It is estimated that there are 40 million widows in India. With 10% of the country’s female population, India is the country with the largest widow population in the world. The experience of widowhood in India varies across socio-economic statuses, customs, religion, tradition and periods. However, they are still subject to customary laws, deep-rooted patriarchal traditions, religious legislations and extensive prejudice in inheritance rights. As a result, many families of different communities in India still shun and abandon widows.

According to World Bank reports, widows are sometimes victims of violence from in-laws and humiliating rites, dress code and isolation as part of the mourning process to demonstrate grief and loyalty to their husband even after his death. The International Widows Day is an opportunity to remind the governments to uphold their commitments to ensure the rights of widows as enshrined in international law, including the Convention on the Elimination of All Forms of Discrimination Against Women and the Convention on the Rights of the Child. Even when national laws exist to protect the rights of widows, weaknesses in the judicial systems and the influence of the traditional and customary norms, many states compromise on widows’ rights.

In the case of Vrindavan widows, in most cases, these women have a right to their deceased husband’s property. Under the Hindu Succession Act 1956, a widow can claim her share in her deceased husband’s property. The provision is to preserve her financial security and status even after the death of her husband. The liability is on every person who is sharing the property. However, often the widows do not demand to guarantee the protection of the laws.

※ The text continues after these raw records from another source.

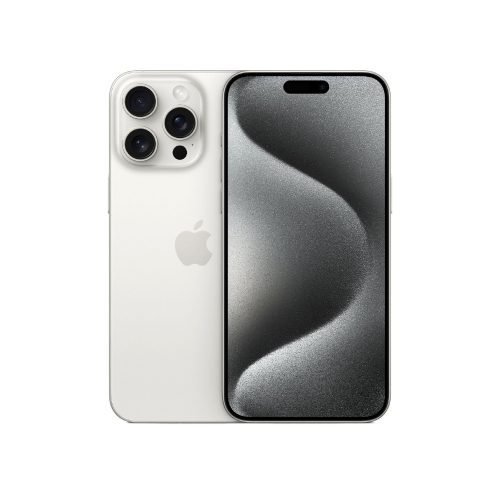 Apple iPhone 15 Pro Max 512GB - White Titanium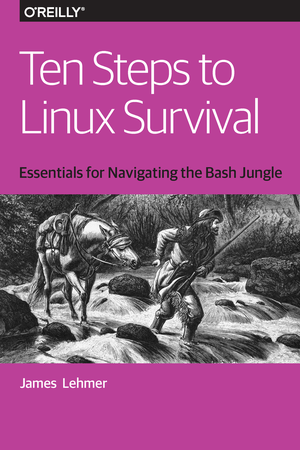 Ten Steps to Linux Survival cover image.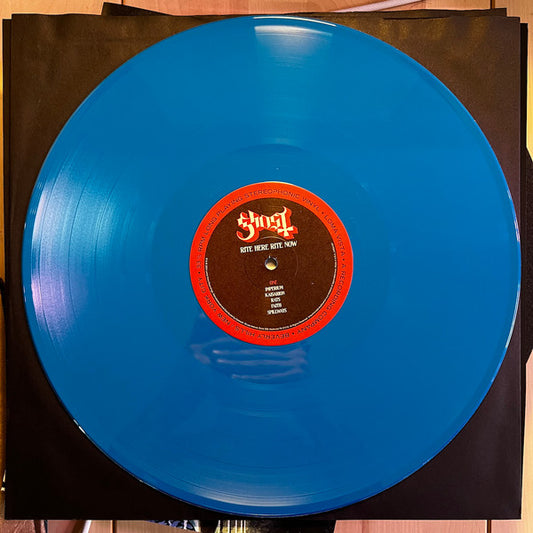 Ghost (32) : Rite Here Rite Now (Original Motion Picture Soundtrack) (2xLP, Album, Ltd, Blu)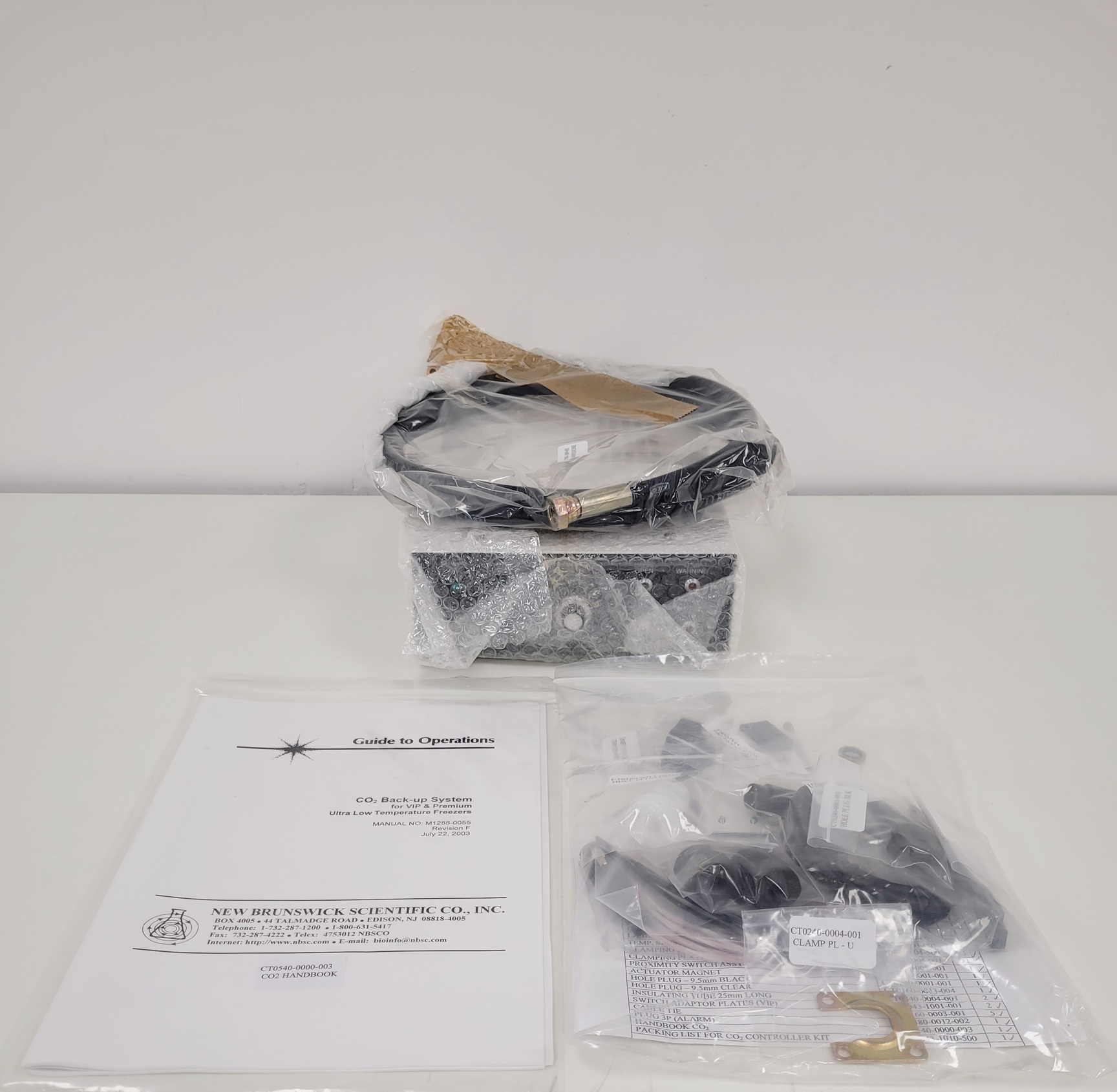 Image of New Brunswick CO2 BackUp System Controller Kit  UT9043-0000-001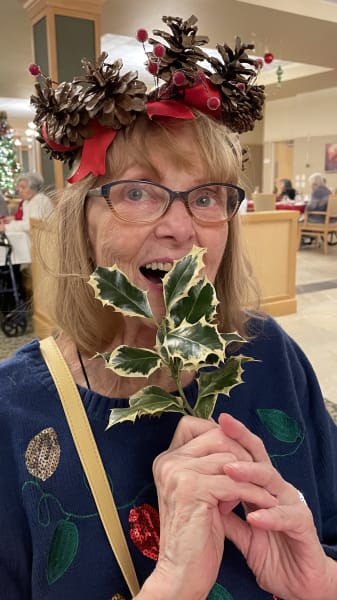 Renton (WA) residents got all dressed up for their wild holiday party!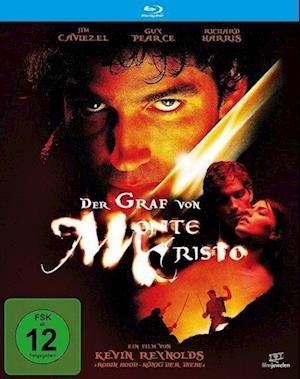 Cover for Alexandre Dumas · Monte Cristo-der Graf Von Monte Christo (2002) ( (Blu-ray) (2022)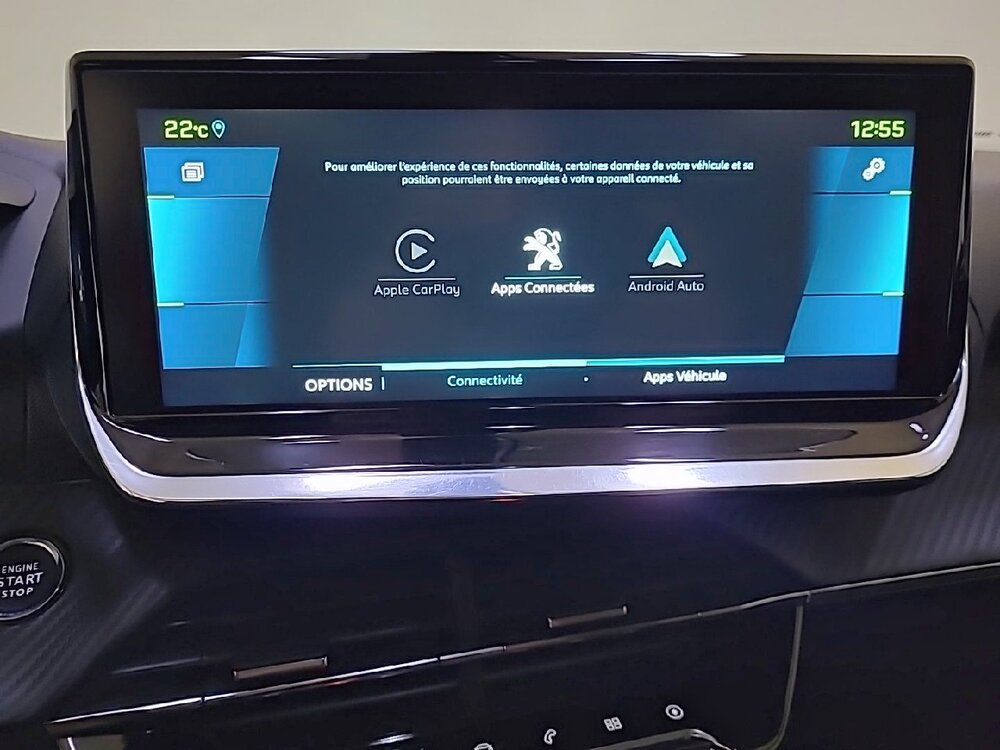 Occasion PEUGEOT 2008 2008 Moteur électrique 136 ch - Allure Pack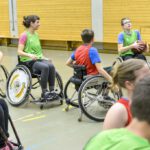 Jugendfördertraining 2018 des RSV Murnau in der Sporthalle des UKM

The internalised patriarchal social norms often do not allow them to do so. Specific religious practices do provide sanction for this continuing violation of women’s right to equity.

Violence against widows is rooted in the widely accepted social norms that contribute to gender inequity, male entitlement, and the belief in men’s right to domination and control over women’s bodies. Often these norms are exhibited through the ideas such as ‘husbands (or in-laws) right to use violence to correct the behaviour of women’ and the patriarchal idea of ‘family honour’.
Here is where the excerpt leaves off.